◆ **Problem requirements**: Take the entries below and reproduce exactly the portion that begins at the line containing "DoubleTree by Hilton" and ends at the line containing "Casa Con Alberca en Fraccionamiento JIUTEPEC", keeping both ends, dropping pictures, and adding nothing else.

◆ **Source data**:
* * * * * * *
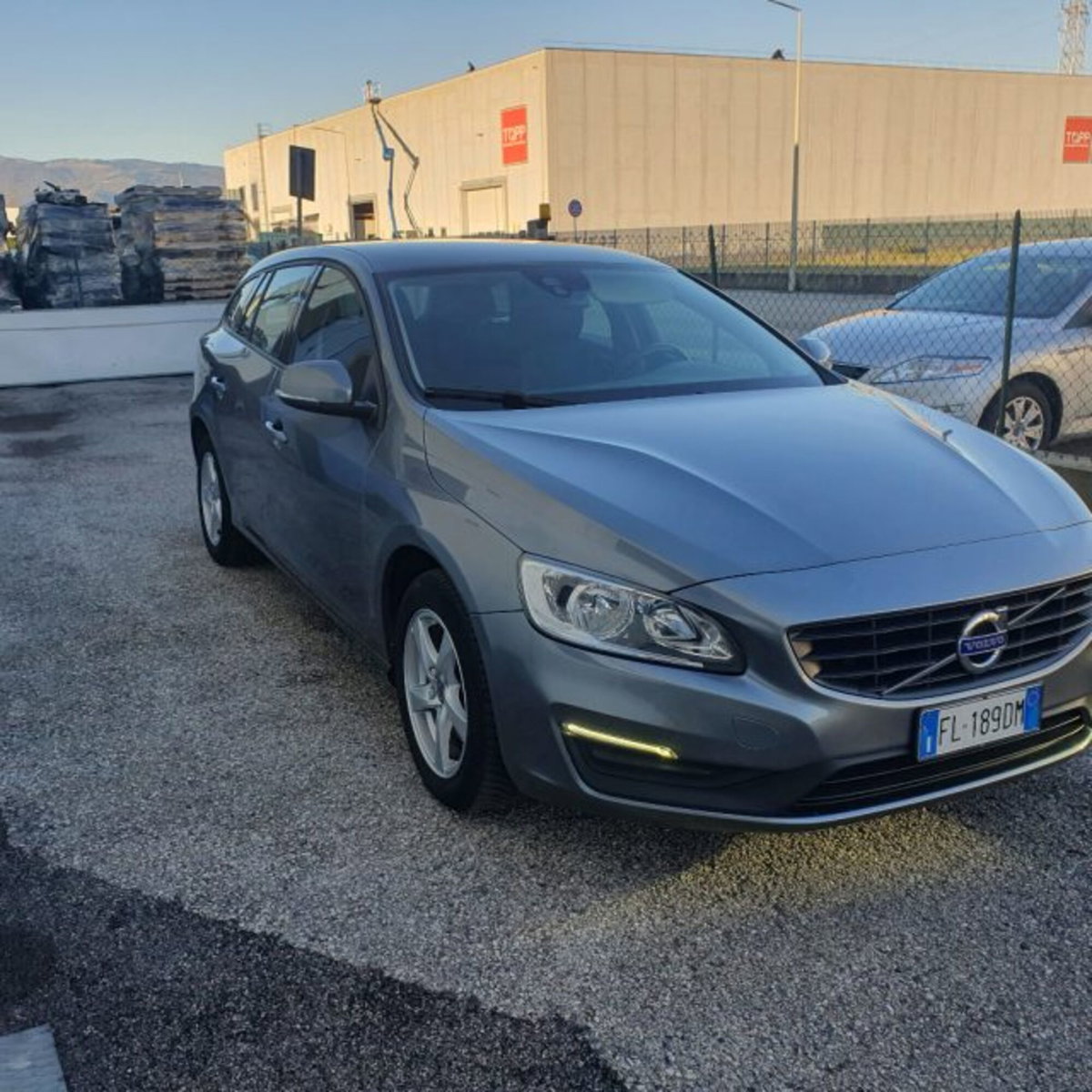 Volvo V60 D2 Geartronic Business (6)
* * * * * * *
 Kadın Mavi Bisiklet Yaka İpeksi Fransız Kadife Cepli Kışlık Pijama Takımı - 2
* * * * * * *
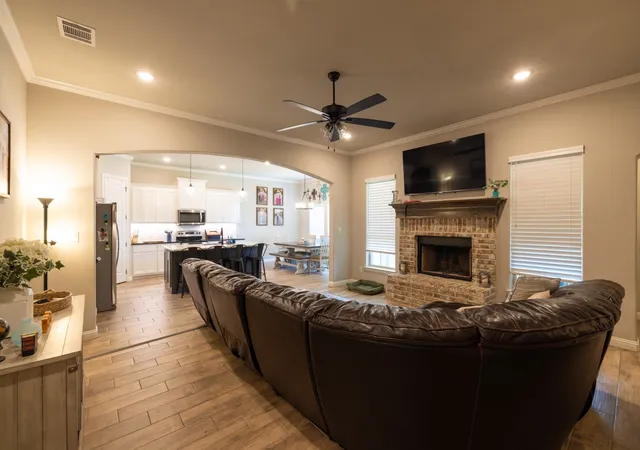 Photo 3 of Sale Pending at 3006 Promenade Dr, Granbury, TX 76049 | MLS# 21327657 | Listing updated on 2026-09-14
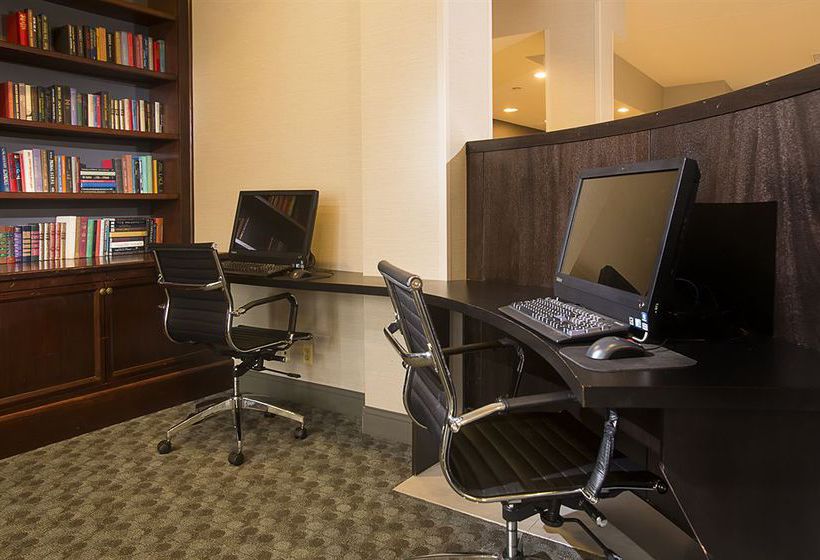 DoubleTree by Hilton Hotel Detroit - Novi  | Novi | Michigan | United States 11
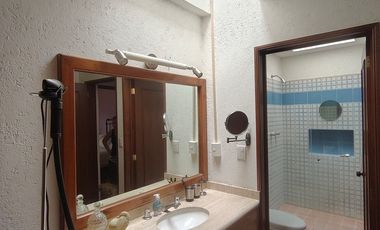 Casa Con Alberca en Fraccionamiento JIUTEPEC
* * * * * * *
◆ **Response**:
 DoubleTree by Hilton Hotel Detroit - Novi  | Novi | Michigan | United States 11
 Casa Con Alberca en Fraccionamiento JIUTEPEC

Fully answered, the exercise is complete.